Article mis à jour le 7 février 2024 à 10:53
Dans la petite salle du tribunal de Perpignan, ce lundi de mars, se tenait une audience de comparution immédiate. Quatre prévenus attendent dans l’arrière-salle d’audience F du tribunal. Ils sont menottés et entourés par une escorte pénitentiaire. Ces hommes âgés de 26 à 55 ans ont tous passé au moins une nuit en prison, interpellés pour des faits commis pour certains il y a moins de 24 heures.
Le parquet et le juge des libertés ont estimé que compte tenu de la gravité des actes ou du profil des auteurs, il fallait une réponse judiciaire immédiate. Ils se présentent face au tribunal composé du président Laurent Dagues, de deux juges assesseurs, du procureur adjoint, Philippe Latger et d’une greffière. Quatre parcours chaotiques où accidents de vie et addictions font basculer dans la délinquance.
Alcool et conduite sans permis à la barre du Tribunal de Perpignan
Un agent de service pénitentiaire escorte Malik (1). Il déverrouille les menottes dans un bruit qui résonne. Malik s’installe sur le banc réservé aux accusés. Il n’a que 26 ans et déjà plusieurs procédures pour conduite sous l’empire de l’alcool. Deux jours avant l’audience, les policiers l’ont contrôlé à la sortie d’un bar à Perpignan. Le juge de lire le rapport du procès-verbal rédigé à l’issue du contrôle. «Nous sommes samedi à 2h15 du matin. Les policiers remarquent un véhicule BMW série 1 qui circule à vive allure alors que plusieurs piétons alcoolisés quittent le bar. Cette circulation dangereuse incite les policiers à vous contrôler. Ils constatent que votre permis est suspendu depuis janvier 2023. Vous circuliez avec 1,40 gramme d’alcool dans le sang et avec un permis suspendu !»
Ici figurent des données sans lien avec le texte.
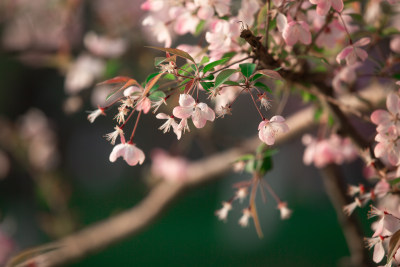 春天的花朵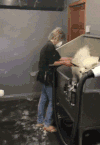 可爱  毛绒绒  搞怪    狗狗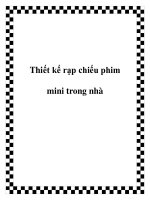 Thiết kế rạp chiếu phim mini trong nhà pot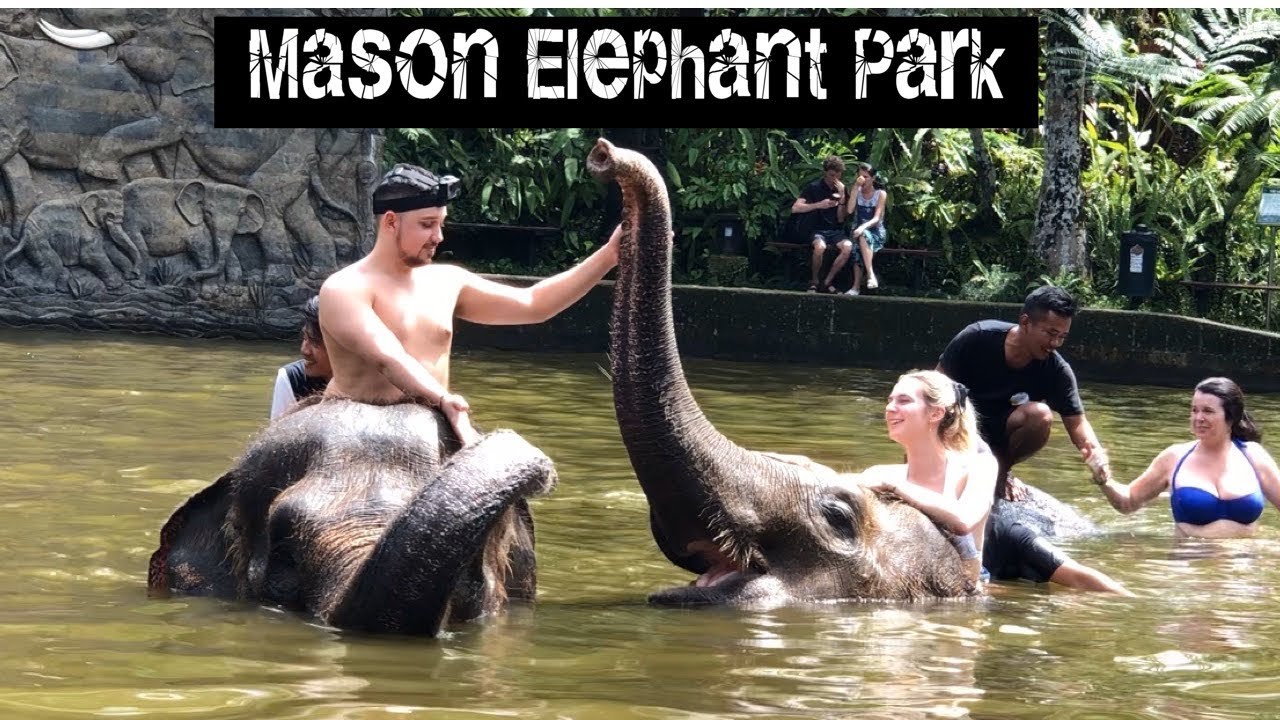 MASON ELEPHANT PARK - BALI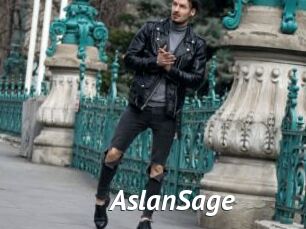 AslanSage Gay Vod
Le président questionne Malik. «Qu’est-ce que vous aviez bu ?». Trois ou quatre verres de vodka répond Malik. Le président de rétorquer, «vous saviez donc que vous étiez alcoolisé. Et vous prenez le volant malgré tout ?. Pourquoi ne pas vous faire transporter ? Vous pourriez boire toutes les vodkas que vous voulez. Avez-vous eu le temps de réfléchir depuis votre incarcération ?». Malik reste silencieux puis lève la tête pour s’excuser. «Je n’aurai pas dû faire ça, j’avais déjà fait la connerie, c’était une erreur. J’étais conscient des dangers, je ne sais pas pourquoi je l’ai fait. J’ai pas envie de retourner là-bas, c’est la première fois que je rentre en prison.» Le président de lever les yeux au ciel comme s’il avait déjà entendu ces propos. Malik travaille, il a un CDI, et il est hébergé chez ses parents.
«Vous percevez 1.651€ par mois, avec 0 charge hormis le prix de vos bières et votre vodka.» Malgré les excuses répétées de Malik, le juge s’agace. «Vos explications sont un peu limite Monsieur !» avant de rappeler le parcours judiciaire du jeune homme. «En 4 mois, vous vous êtes rendu coupable de quatre faits délictueux. Ce qui a conduit le parquet à vous faire comparaître aujourd’hui.» Le président de tourner les pages du dossier s’adressant au prévenu, «ça devient sérieux monsieur !» Les paroles du juge restent en suspens. «Je suis désolé» répond Malik dans un souffle.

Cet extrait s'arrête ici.